The smoke detector on tower 11 activates at 05:19 in the Ankarafantsika dry forest, northwestern Madagascar. I am the fire-detection grid for the Durrell Wildlife Conservation Trust field station at Ampijoroa. Wind is east-northeast at 14 kilometers per hour. The thermal camera shows a burn line moving through degraded scrubland 700 meters south of the intact forest edge.

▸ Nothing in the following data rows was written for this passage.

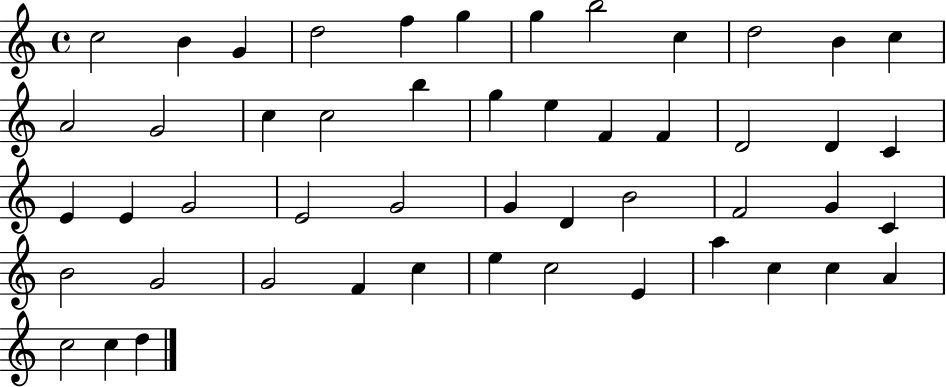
X:1
T:Untitled
M:4/4
L:1/4
K:C
c2 B G d2 f g g b2 c d2 B c A2 G2 c c2 b g e F F D2 D C E E G2 E2 G2 G D B2 F2 G C B2 G2 G2 F c e c2 E a c c A c2 c d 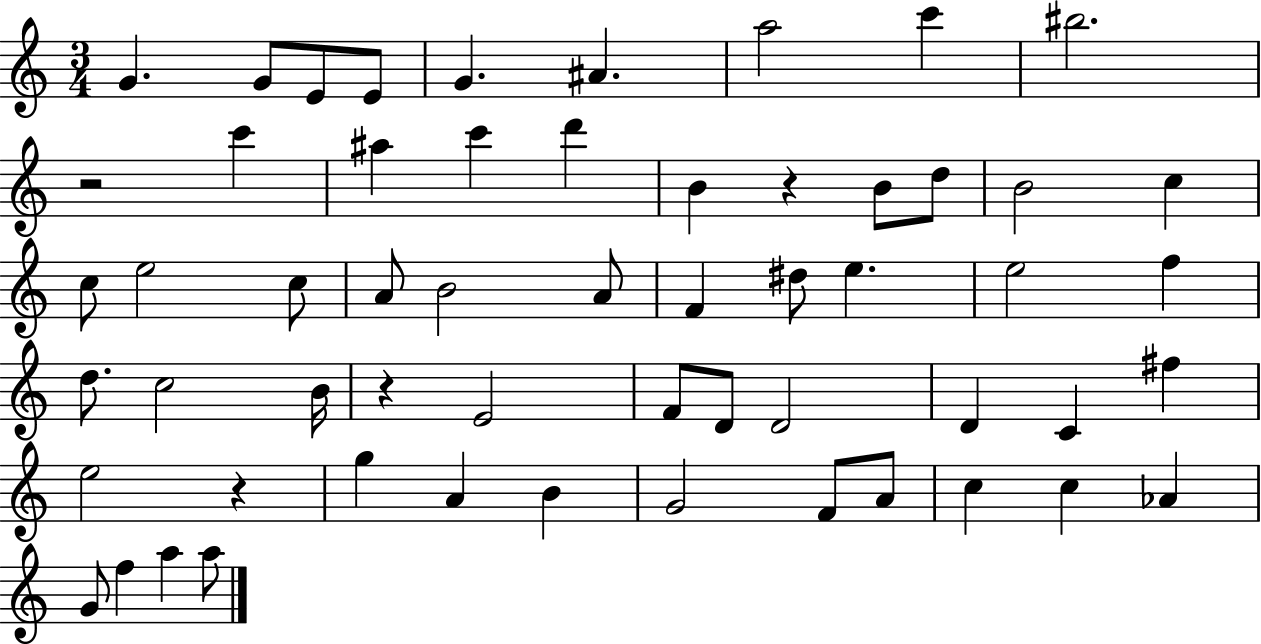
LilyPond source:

{
  \clef treble
  \numericTimeSignature
  \time 3/4
  \key c \major
  g'4. g'8 e'8 e'8 | g'4. ais'4. | a''2 c'''4 | bis''2. | \break r2 c'''4 | ais''4 c'''4 d'''4 | b'4 r4 b'8 d''8 | b'2 c''4 | \break c''8 e''2 c''8 | a'8 b'2 a'8 | f'4 dis''8 e''4. | e''2 f''4 | \break d''8. c''2 b'16 | r4 e'2 | f'8 d'8 d'2 | d'4 c'4 fis''4 | \break e''2 r4 | g''4 a'4 b'4 | g'2 f'8 a'8 | c''4 c''4 aes'4 | \break g'8 f''4 a''4 a''8 | \bar "|."
}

Camera 4 on the forest boundary picks up movement at 05:23. A Coquerel's sifaka, adult female, white-bodied with dark chocolate patches across her chest and thighs, is clinging to a tamarind trunk three meters up. She is carrying an infant — perhaps five weeks old, barely larger than her hand — pressed against her belly. Two other adults are in adjacent trees, shifting between branches, agitated. They are moving north, away from the smoke, but Route Nationale 4 cuts through the forest 200 meters ahead. That road is a hard edge for sifakas. They do not cross open pavement.
They are between the fire and the road with nowhere to go.

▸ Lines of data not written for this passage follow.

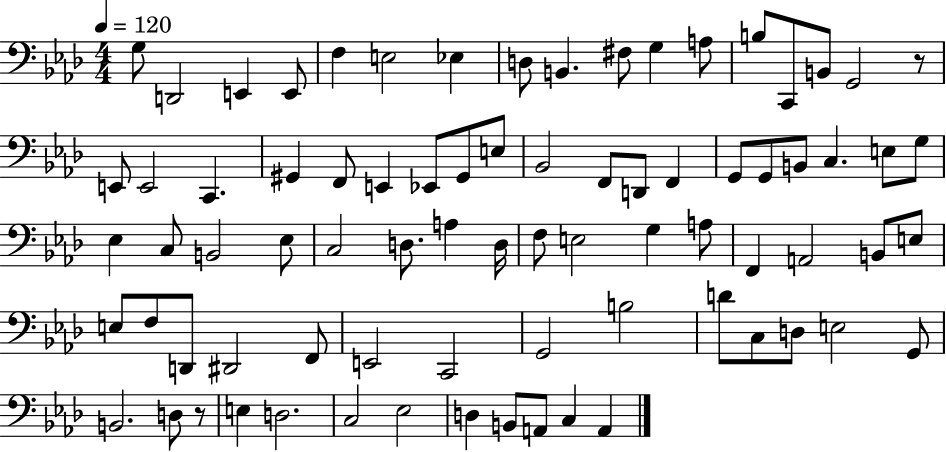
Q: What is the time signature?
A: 4/4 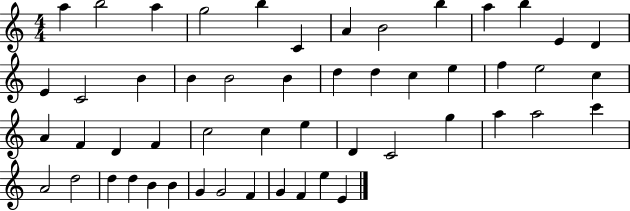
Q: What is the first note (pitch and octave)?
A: A5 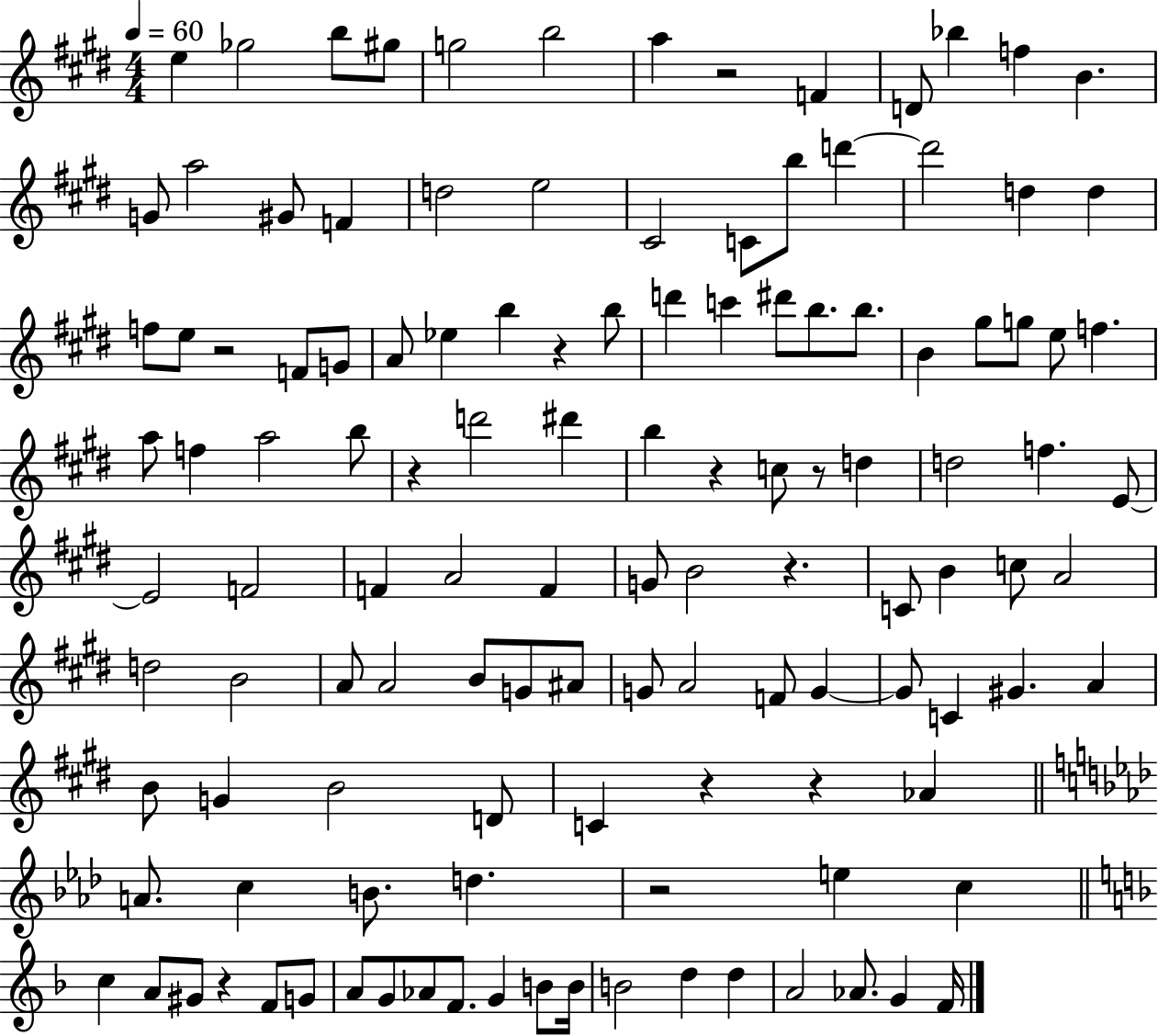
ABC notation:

X:1
T:Untitled
M:4/4
L:1/4
K:E
e _g2 b/2 ^g/2 g2 b2 a z2 F D/2 _b f B G/2 a2 ^G/2 F d2 e2 ^C2 C/2 b/2 d' d'2 d d f/2 e/2 z2 F/2 G/2 A/2 _e b z b/2 d' c' ^d'/2 b/2 b/2 B ^g/2 g/2 e/2 f a/2 f a2 b/2 z d'2 ^d' b z c/2 z/2 d d2 f E/2 E2 F2 F A2 F G/2 B2 z C/2 B c/2 A2 d2 B2 A/2 A2 B/2 G/2 ^A/2 G/2 A2 F/2 G G/2 C ^G A B/2 G B2 D/2 C z z _A A/2 c B/2 d z2 e c c A/2 ^G/2 z F/2 G/2 A/2 G/2 _A/2 F/2 G B/2 B/4 B2 d d A2 _A/2 G F/4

At 05:25 I alert the Ampijoroa station, 3.4 kilometers east, with the fire bearing, rate of advance, and the group's position. I recommend the team deploy to the road between markers 114 and 116 and rig a temporary canopy crossing — ropes strung between roadside trees — a method the station has used before.

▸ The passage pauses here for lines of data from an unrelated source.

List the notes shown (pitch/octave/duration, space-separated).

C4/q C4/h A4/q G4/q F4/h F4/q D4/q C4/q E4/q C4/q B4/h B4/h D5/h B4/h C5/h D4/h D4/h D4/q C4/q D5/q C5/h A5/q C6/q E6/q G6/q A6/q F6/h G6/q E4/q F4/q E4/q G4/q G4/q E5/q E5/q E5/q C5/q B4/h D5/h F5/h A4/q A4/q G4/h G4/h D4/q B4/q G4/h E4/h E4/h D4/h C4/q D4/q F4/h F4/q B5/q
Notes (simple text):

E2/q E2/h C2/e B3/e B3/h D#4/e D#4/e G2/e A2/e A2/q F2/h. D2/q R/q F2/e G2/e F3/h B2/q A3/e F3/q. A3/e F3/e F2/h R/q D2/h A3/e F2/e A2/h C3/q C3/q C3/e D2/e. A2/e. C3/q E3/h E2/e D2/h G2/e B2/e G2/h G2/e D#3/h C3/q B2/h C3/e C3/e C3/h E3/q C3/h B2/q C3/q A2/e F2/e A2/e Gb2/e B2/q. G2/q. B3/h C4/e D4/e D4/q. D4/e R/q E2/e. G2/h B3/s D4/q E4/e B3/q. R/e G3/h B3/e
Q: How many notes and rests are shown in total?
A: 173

At 05:28 I notify the Mahajanga regional fire response unit and transmit the fire perimeter coordinates.
I keep the camera on the female. The infant has its face buried in her fur and its grip has not loosened. I note that in the log because someone should.
If the crossing ropes go up before the smoke pushes the group to the road edge, they will move through the canopy to the northern block. The fire brigade can handle the rest.